- _Your assignment_: Restate each of the lines below word for word and drop every picture.

- _Stored data_:

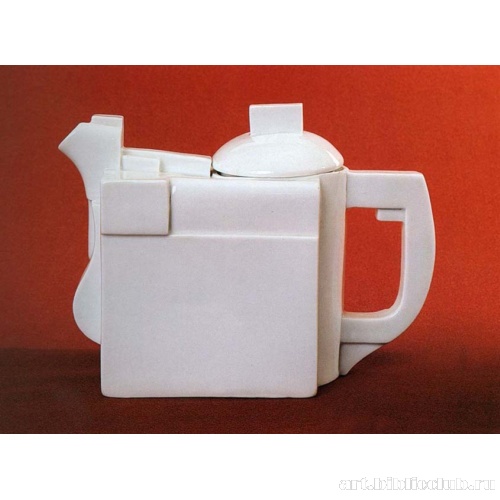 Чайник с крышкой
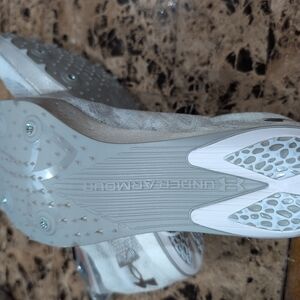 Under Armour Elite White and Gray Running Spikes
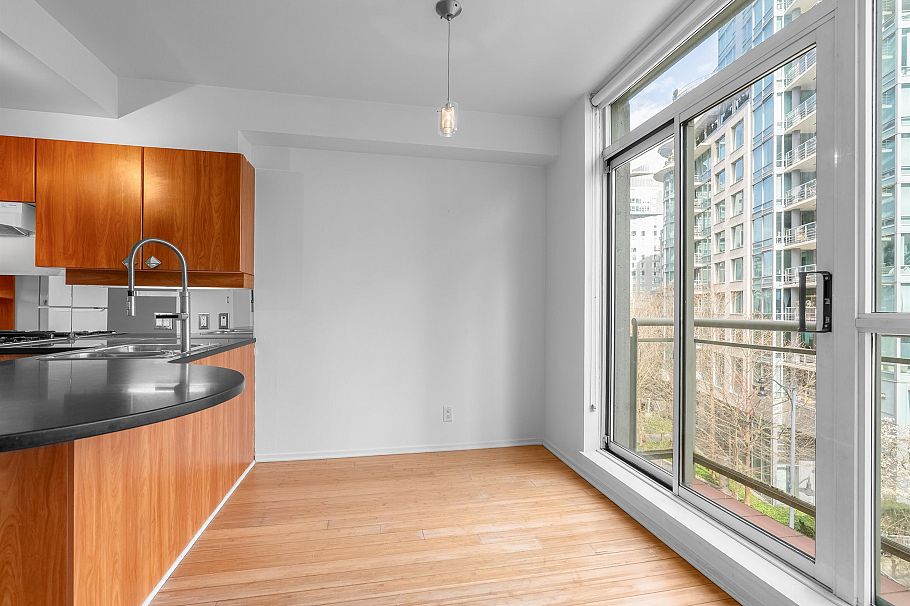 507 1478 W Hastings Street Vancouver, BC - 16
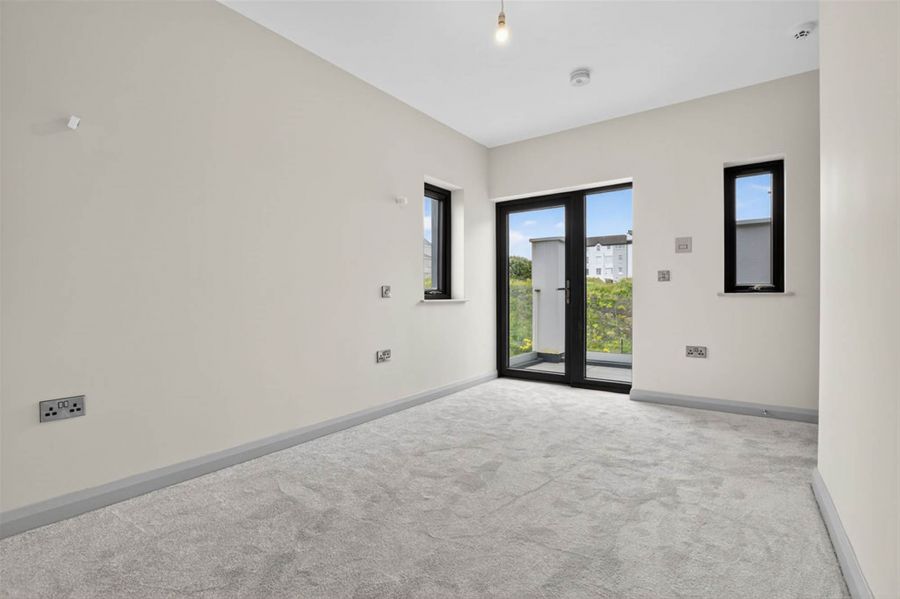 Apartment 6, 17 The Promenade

- _Finished exercise_:
 Чайник с крышкой
 Under Armour Elite White and Gray Running Spikes
 507 1478 W Hastings Street Vancouver, BC - 16
 Apartment 6, 17 The Promenade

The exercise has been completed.